Thursday, May 1, 2008

Milky Way

I have known Fatima since her school days. Never a bright one, she struggled through school and it was no surprise to me that she couldn’t finish school. I felt she was very relieved when the marriage proposal came, not because of the forthcoming bliss of married life but at the prospect of relief from the tedium of school. I was fond of her because of her sunny nature and whenever she came, I was assured of a laugh one way or the other. Either she laughed at me or I laughed at her. She went away to distant Coimbatore and I saw less of her then on. But each year she returned to her father’s house either to a deliver a baby or to spend the school holidays. Her husband, I saw little of but the father who is also my friend a great deal, during the days when she and her children were here with him.

Not quick on the uptake [she], I used to have a hard time explaining why and what of her illness whenever she fell ill in the years before her marriage. But she was not a difficult patient and she followed instructions to the letter whether she understood the advice or not. Inevitably, during her time spent in Bangalore, she would see me, now more for her children’s sake that for herself. As to her own health she cared a damn and was becoming fatter by the month. That seemed bother no one except me. Whenever I pointed this out to her, she would retort ‘it is not healthy to be like you, thin and skinny [those days, twenty years ago, I was much thinner than I am now]!’ I had no answer to this because this misconception of health that being fat is healthy was also shared by her father and her husband and against this trio I was helpless.

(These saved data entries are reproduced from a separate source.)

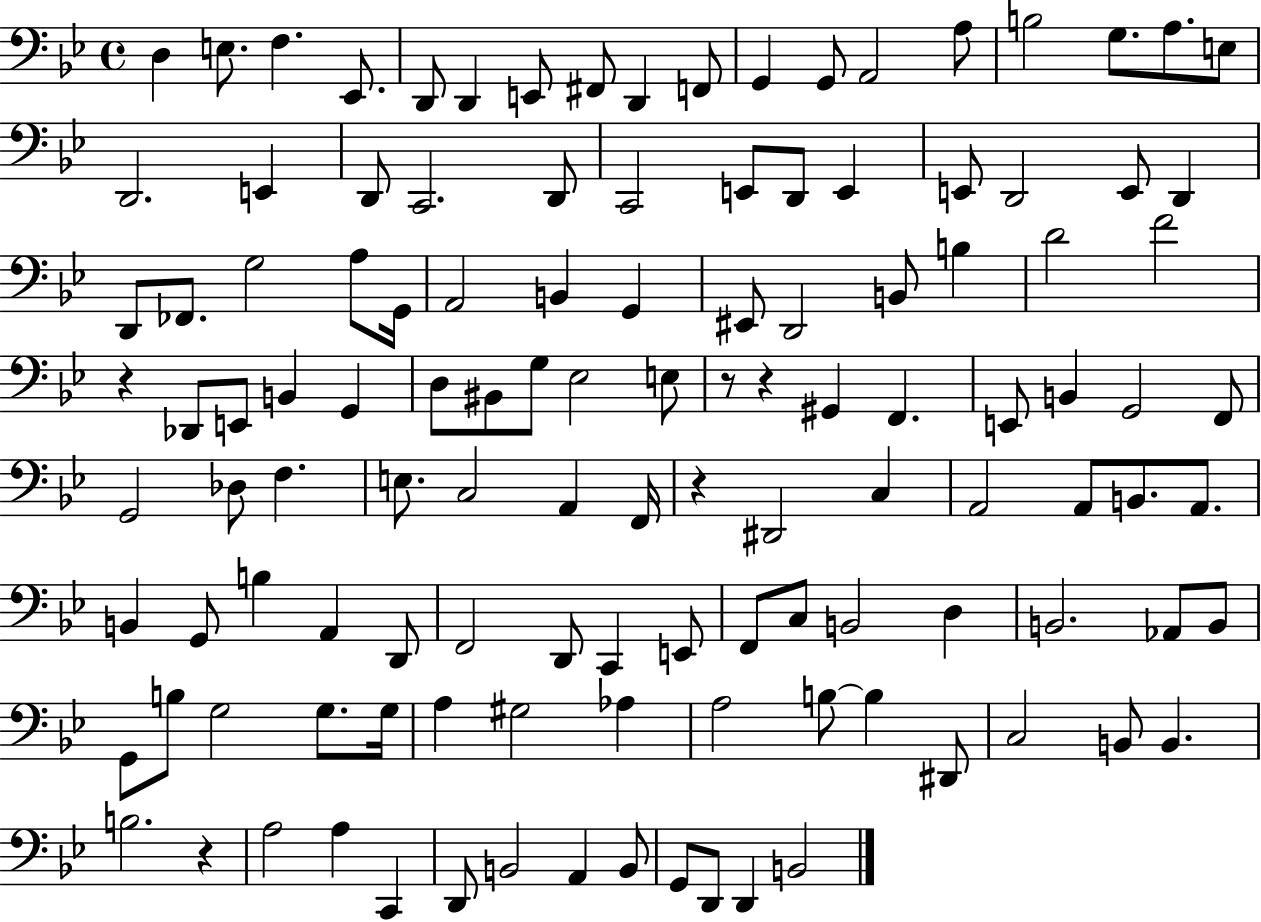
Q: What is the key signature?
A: BES major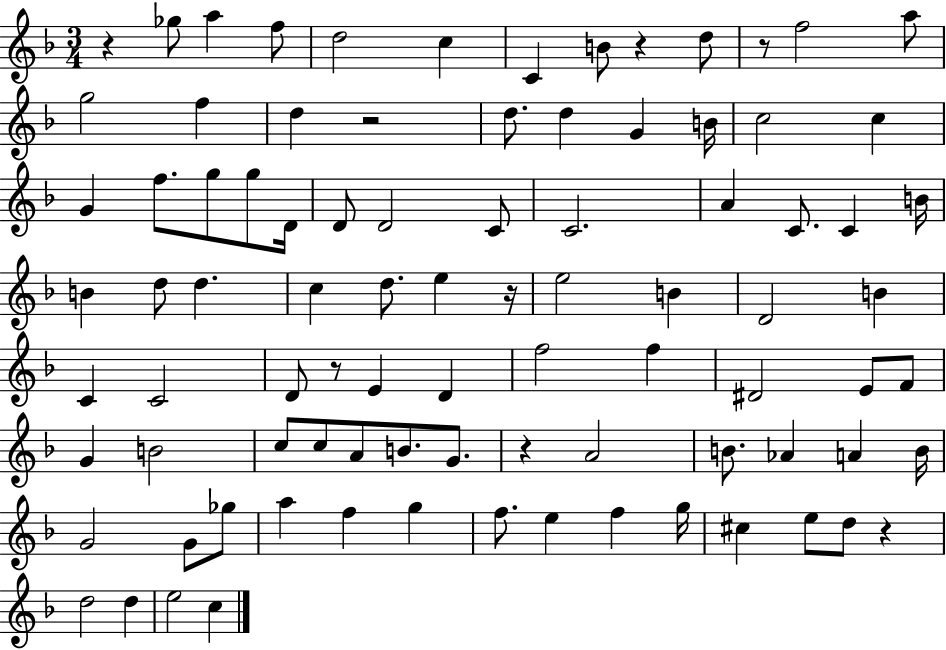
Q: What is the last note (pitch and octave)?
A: C5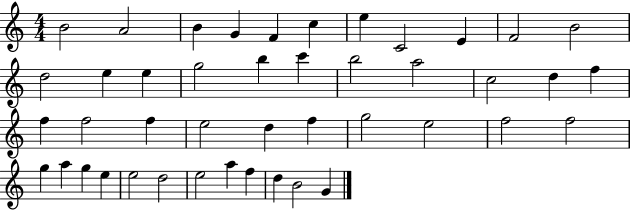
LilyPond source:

{
  \clef treble
  \numericTimeSignature
  \time 4/4
  \key c \major
  b'2 a'2 | b'4 g'4 f'4 c''4 | e''4 c'2 e'4 | f'2 b'2 | \break d''2 e''4 e''4 | g''2 b''4 c'''4 | b''2 a''2 | c''2 d''4 f''4 | \break f''4 f''2 f''4 | e''2 d''4 f''4 | g''2 e''2 | f''2 f''2 | \break g''4 a''4 g''4 e''4 | e''2 d''2 | e''2 a''4 f''4 | d''4 b'2 g'4 | \break \bar "|."
}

Let me get back to the incident I was trying to recall. It was a worried looking Fatima Begum [Now she is respectfully married and a mother to add] who came with her two year old toddler. He looked fine to me as the boy wasted no time in attacking the strewn odds and ends that usually can be found on my table which are a child’s delight. The nakko, nakko [no, no] cries of the mother went unheeded as the boy proceeded to throw these on to the floor. Hearing the commotion, the grandpa, my friend, rushed inside only to see the grandson at his usual best [I forget his name now]. The boy became quiet as he had my knee hammer with him and he was giving it a close look.

The mother told me the reason why she was here to see me. ‘Look doctor, my son is bringing milk out of his ear since three days. This is despite my stopping milk for the last three days’ I was a bit taken aback. Without asking her any further questions, I tried having a good look at the ear. Like mother like son. I couldn’t believe a child of that age being so cooperative. Embodiment of docility. The only interest he showed was in trying to inspect my autoscope. The ear was full of whitish pus which my friend, his mother thought was milk. I was curious to know how a reasonably educated girl could believe that the milk given orally can find its way to the ear. I made enquiries and true to form, Dr Seshachalam, her Coimbatore doctor, by the way of explanation had told her that. In a way he is a better doctor than I. Dr Seshachalam did not waste time trying to explain the intricacies of chronic ear infection to a person like Fatima. She needed a simple, easy to understand explanation and he had given her one. This was not the first time he had done one better on me and I have accepted defeat quite gracefully, as his treatment[unlike his explanations] for any given ailment was always correct.

Now the difficult question, what should I do? If I agree with Doc Seshachalam’s advice, this simple woman will starve the boy each time he has an ear discharge. I asked her, ‘did Dr Seshachalam ever ask you to stop giving him milk?’ She said no. ‘He did not say that, he said only little goes to the ear and the rest goes to the stomach, it is only I who took this precaution’. I saw a silver lining and caught on to it. Told her to restart milk feeds and despite the knowledge that she will not believe me, spent some time explaining why and how of ear infection.

Out of respect and for old time’s sake, she listened to me patiently, took the prescription and snatched the knee hammer from the wailing child’s reluctant grip, placed it back on the table, thanked me and went away.

I was sure she would return again to provide me with some other form of entertainment.